20:名無しNIPPER[saga]
2020/07/12(日) 21:19:11.09 ID:qe4+sBJv0
「待ってー!!」
ビクッとして思わずヨハネは自分の寝床である大樹に身を隠す。
(今のは近かった……!)
人から見えないと分かっていても、やはりあまり気分は良くないもので、一応姿を隠しておく。
案の定、大樹のすぐ近くを子供が走り去っていく。
ポトリ、と人影から何かが落ちる音がした。
おや、と思い、ヨハネはその落ちた物に手を伸ばす。
それは花をあしらった小さな小さなペンダントだった。
「まったく、最近の子供は不注意ね……」
取りに来るようなら返してあげようかしら。
そんなことを思いながら、物珍しそうにそれをしげしげと眺める。
「小綺麗なペンダントね……。人間の衣装って段々と派手になっていくわね。」
数十分ぐらい経っただろうか。
昼寝場所でも探しに行こうと腰を上げようとしたときに、2人の子供の姿が見えてきた。
「確か、この辺で落としたはずなんだよ……」
「でも、この草むらじゃ見つからないよ。」
片側の子は今にもしゃくり上げそうになっている。
「でも、これはおばあちゃんと街に行ったときに買ってくれた大切なものずら……」
「大丈夫だよ、花丸ちゃん。
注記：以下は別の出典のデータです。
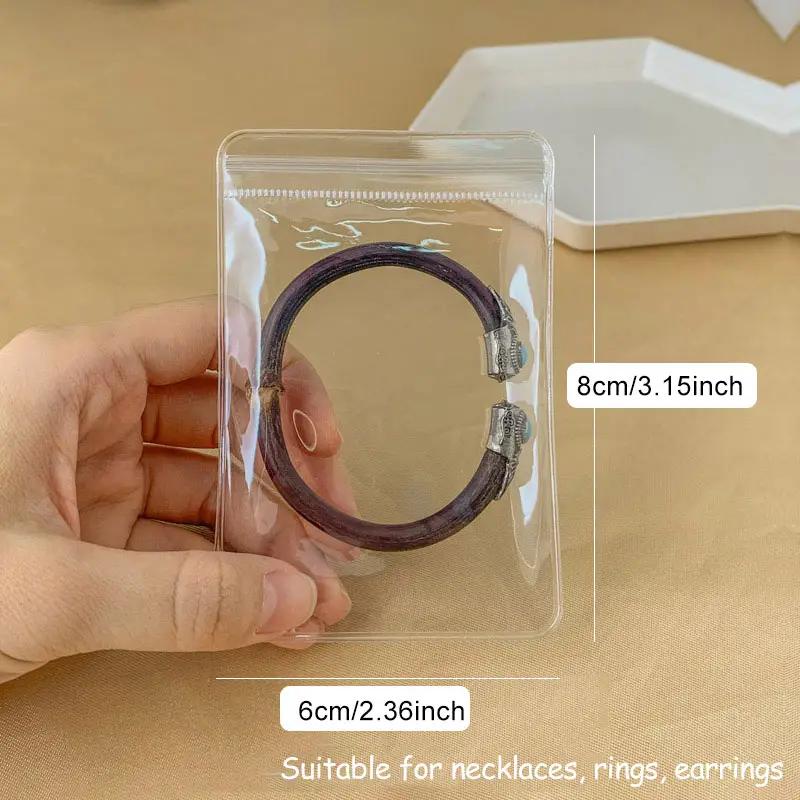 50/100 bolsas transparentes con cierre hermético de PVC, bolsas para joyería, resistentes al polvo y la oxidación, para guardar aretes, anillos, collares, pulseras, dijes y artículos pequeños, 2 tamaños a elegir (Cajas y organizadores de joyería)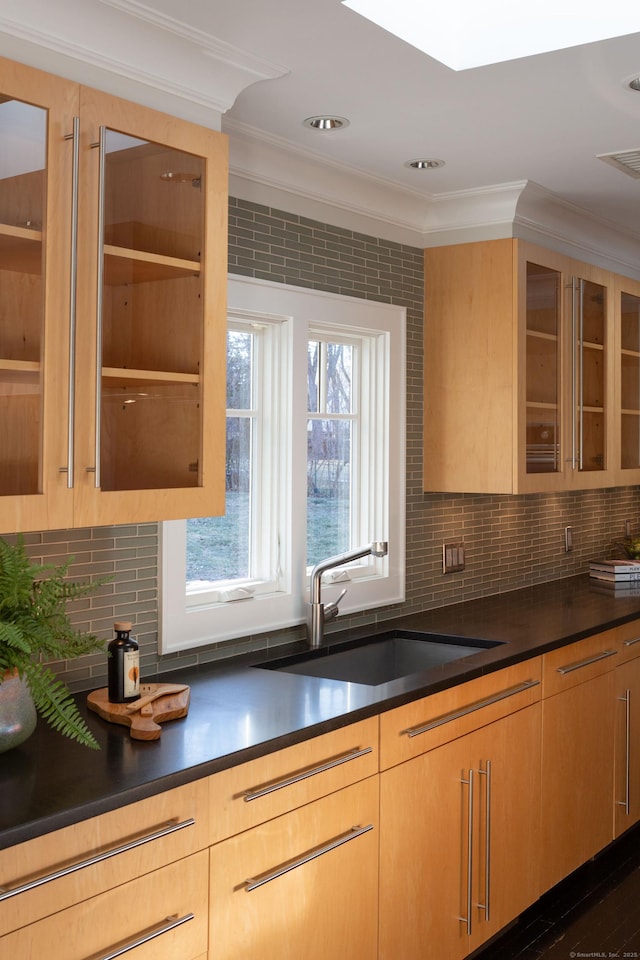 9 Schiller Rd, Fairfield, CT 06825 - kitchen featuring visible vents, ornamental molding, a sink, tasteful backsplash, and dark countertops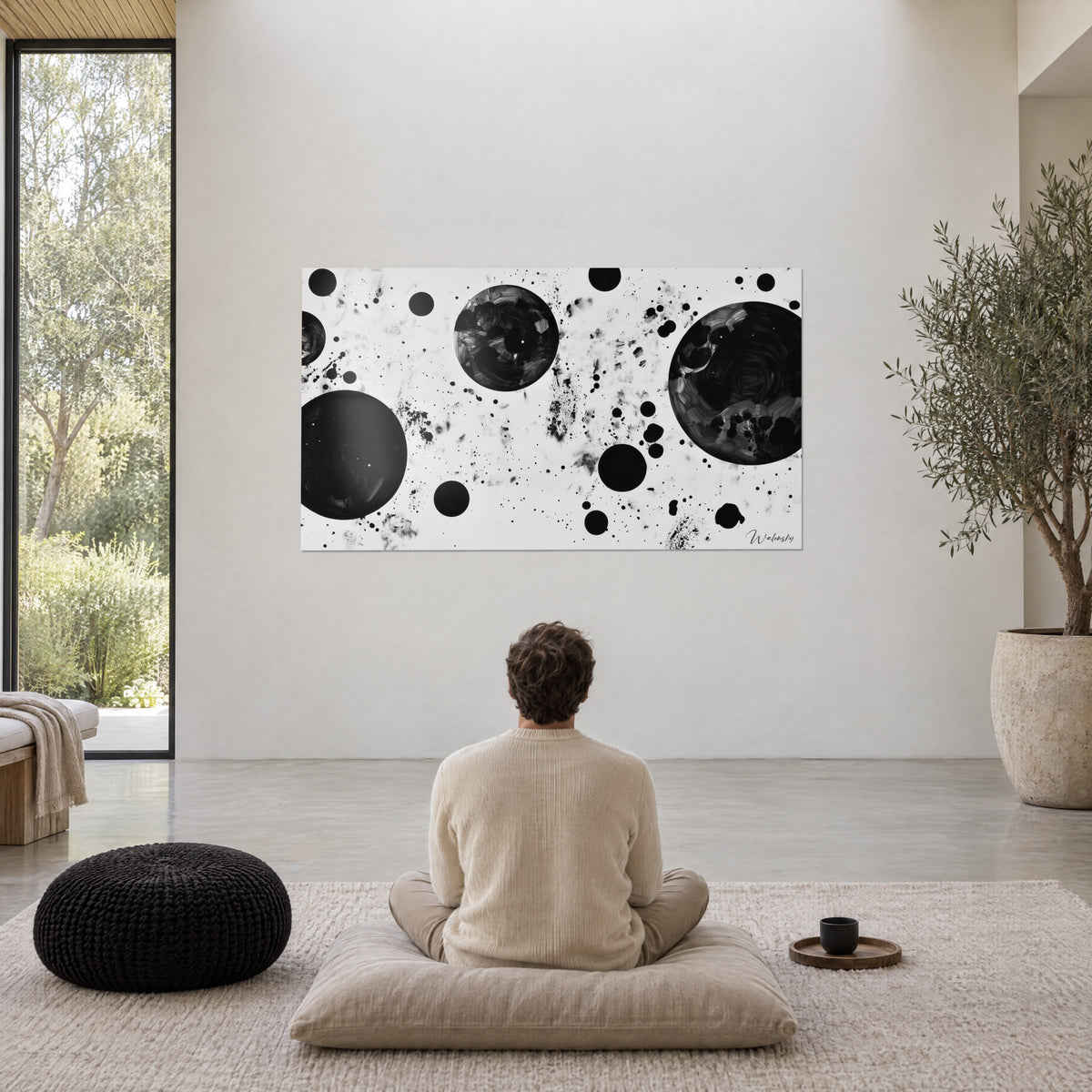 Cuadro lunas de tinta sobre fondo blanco, destellos negros y grises, frente a un hombre sentado en meditación sobre un cojín beige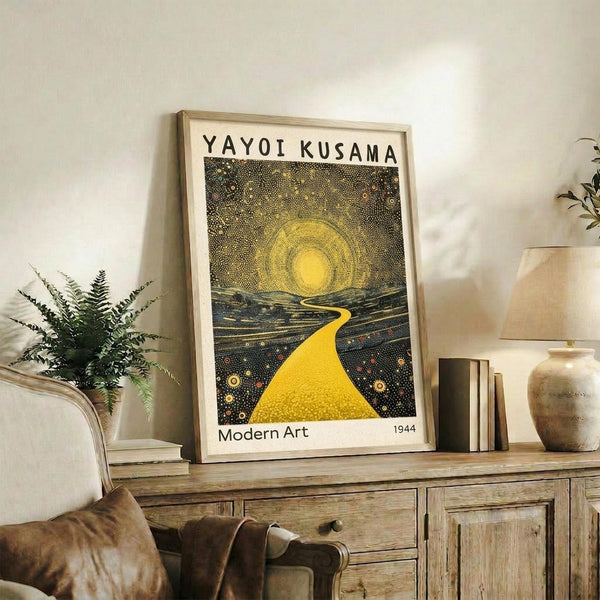 May include: Framed art print featuring a dotted landscape with yellow winding path leading to bright sun against dark starry sky, displayed on rustic wooden sideboard alongside fern plant, ceramic vase, and books in neutral-toned living room setting.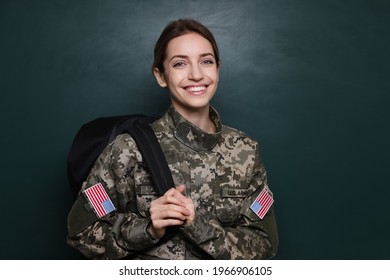 Female Cadet With Backpack Near Chalkboard. Military Education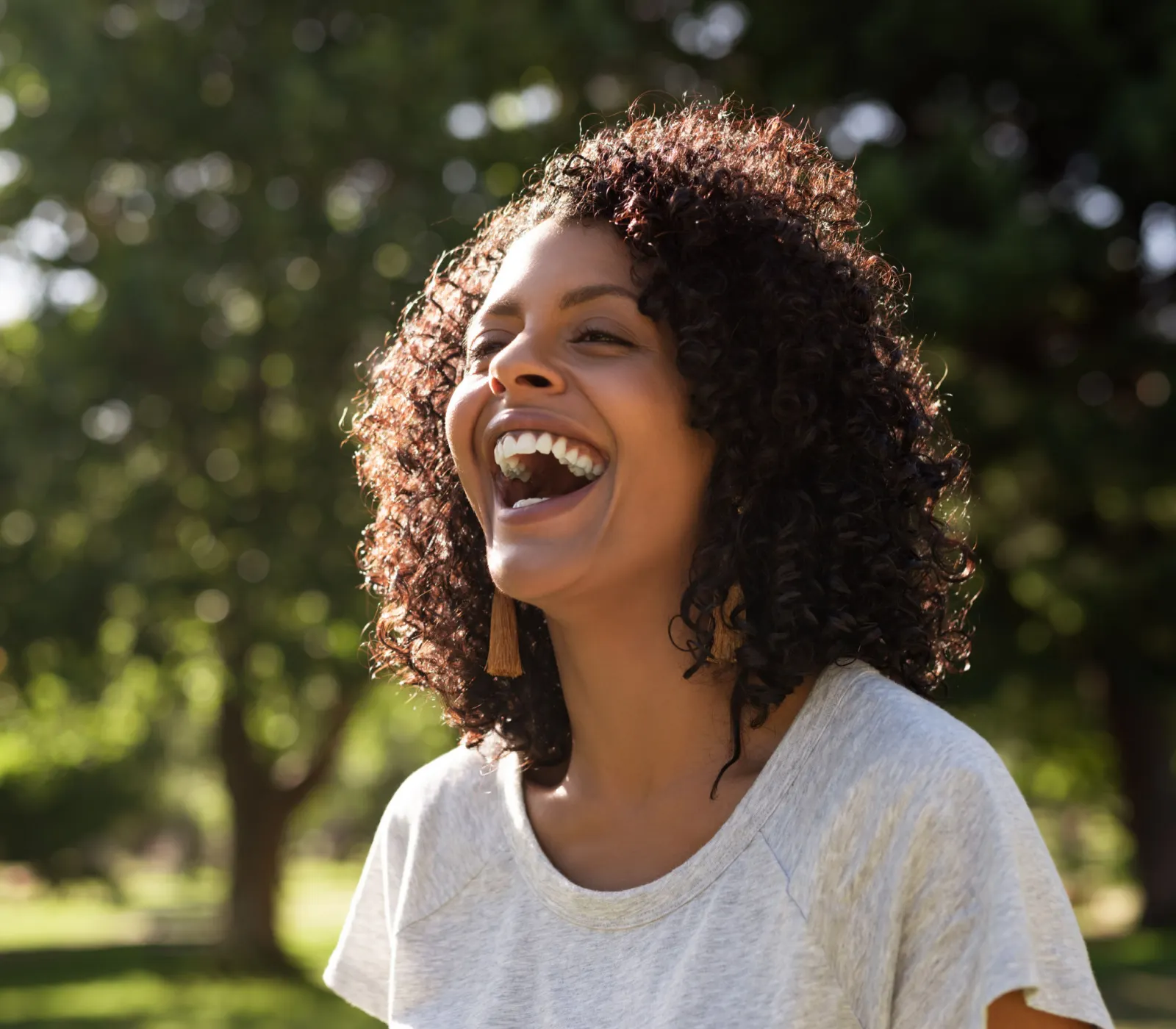 Young healthy woman with curly hair laughing while standing outside in a park on a sunny summer afternoon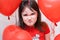 Little naughty angry girl face close up among red heart-shaped balloons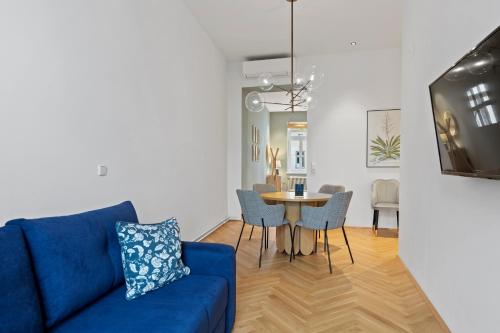 a living room with a blue couch and a table at sgrafit apartments - Self Check-In in Retz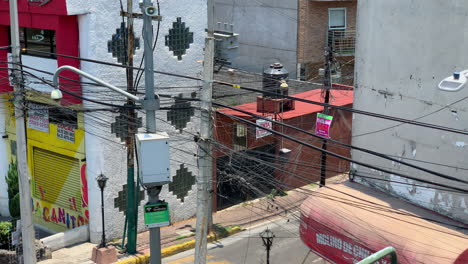 Close-Up-View-Of-Powerlines-Crossing-Empty-Street-In-Mexcio-City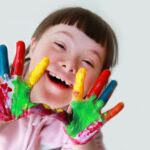 niña con síndrome de down mostrando manos pintadas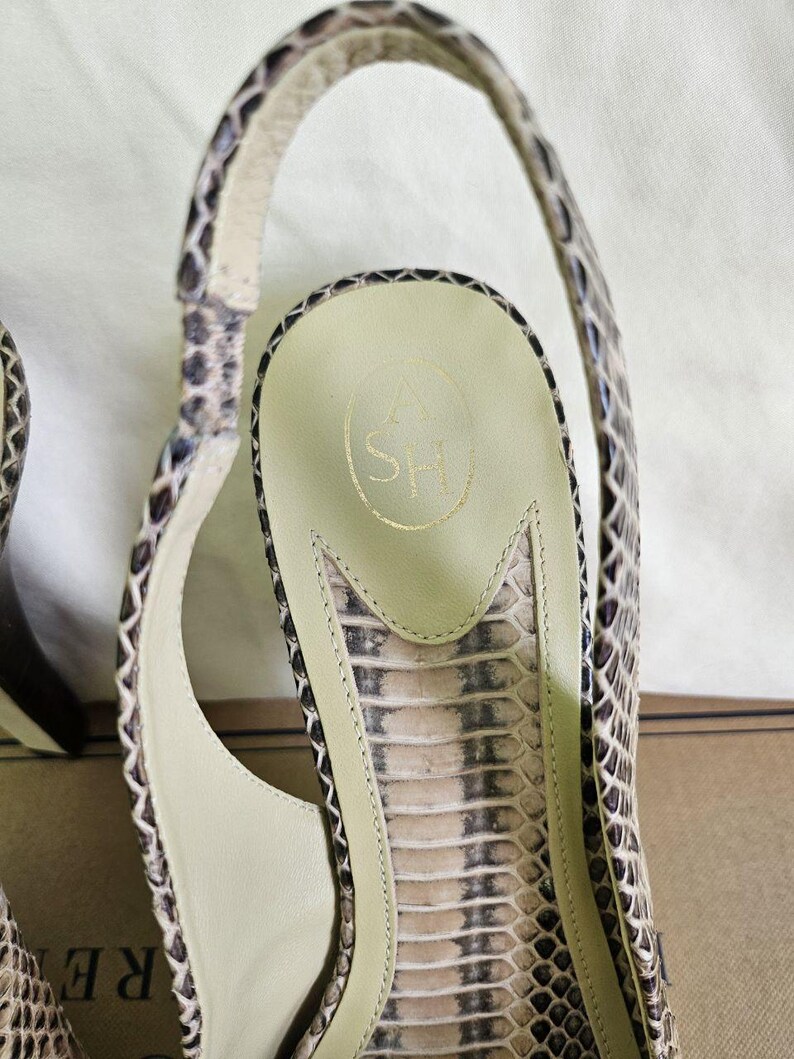 May include: Close-up of a snakeskin-patterned sandal. The sandal features a slingback design with a high heel and a light-coloured insole. The insole has a gold logo. The shoe's pattern includes shades of brown, beige, and black.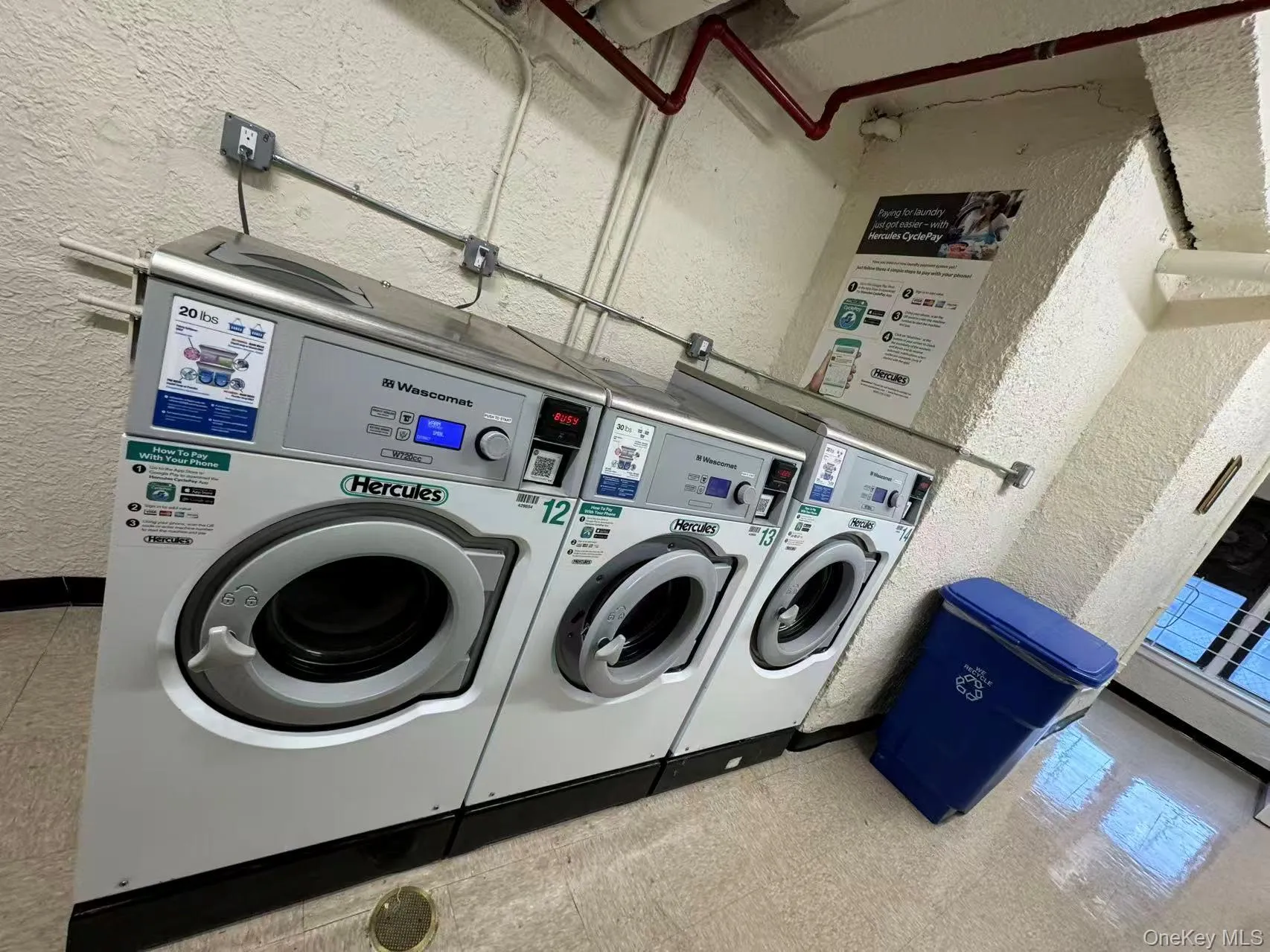 Shared laundry room with a textured wall and washing machine and dryer Shared laundry room with a textured wall and washing machine and dryer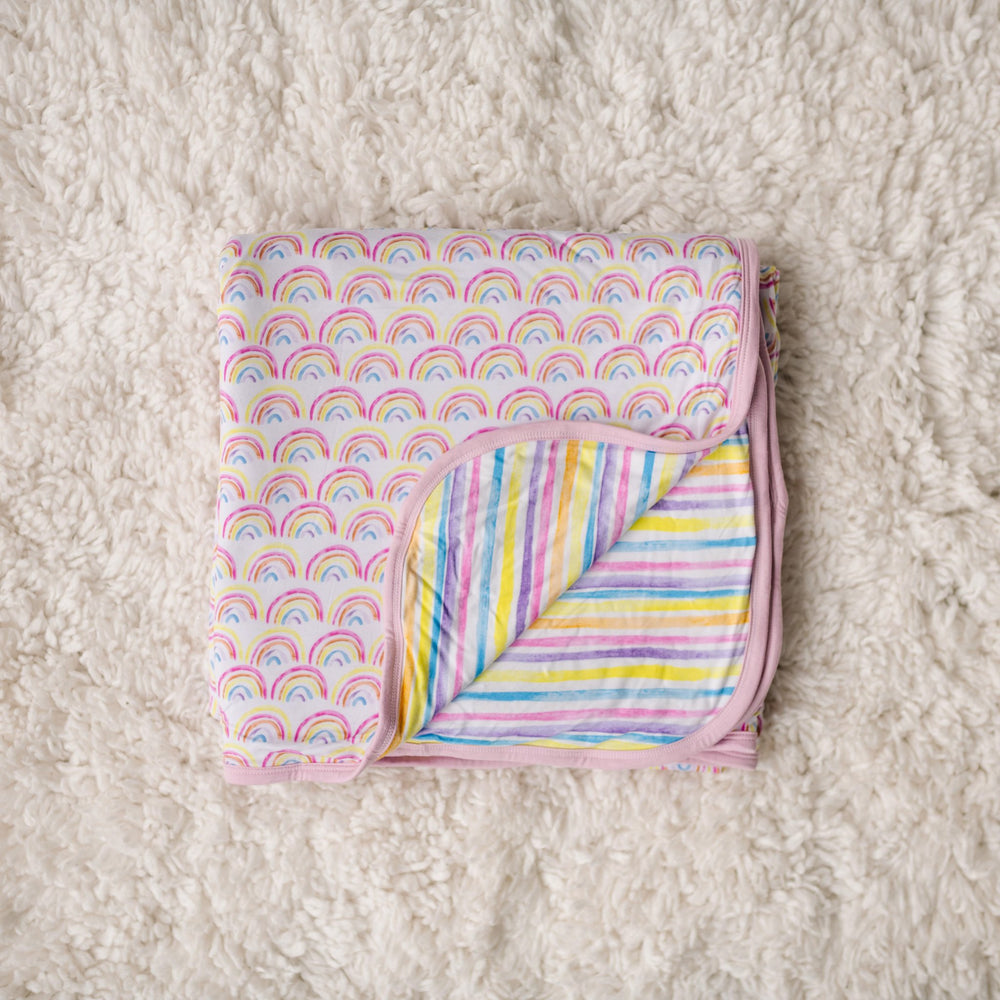 Image of double-sided rainbow and stripe printed blanket folded into a square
ルビィも一緒に謝ってあげるから。」
ヨハネは今にも泣き出しそうな顔の上の帽子に当たるようにペンダントを落とした。
ピンク色の左右で髪を束ねた女の子が怪訝そうに、地面に落ちたそれを摘まみ上げる。
裏腹に、白い帽子を被った女の子は木々の隙間、何かが落ちてきた虚空を見つめる。
その子と目が合った瞬間、ヨハネは雷に打たれたように動けなくなっていた。
その口が何か言葉を発する前に、徐々に顔が明るくなっていく女の子が嬉しそうに声をあげる。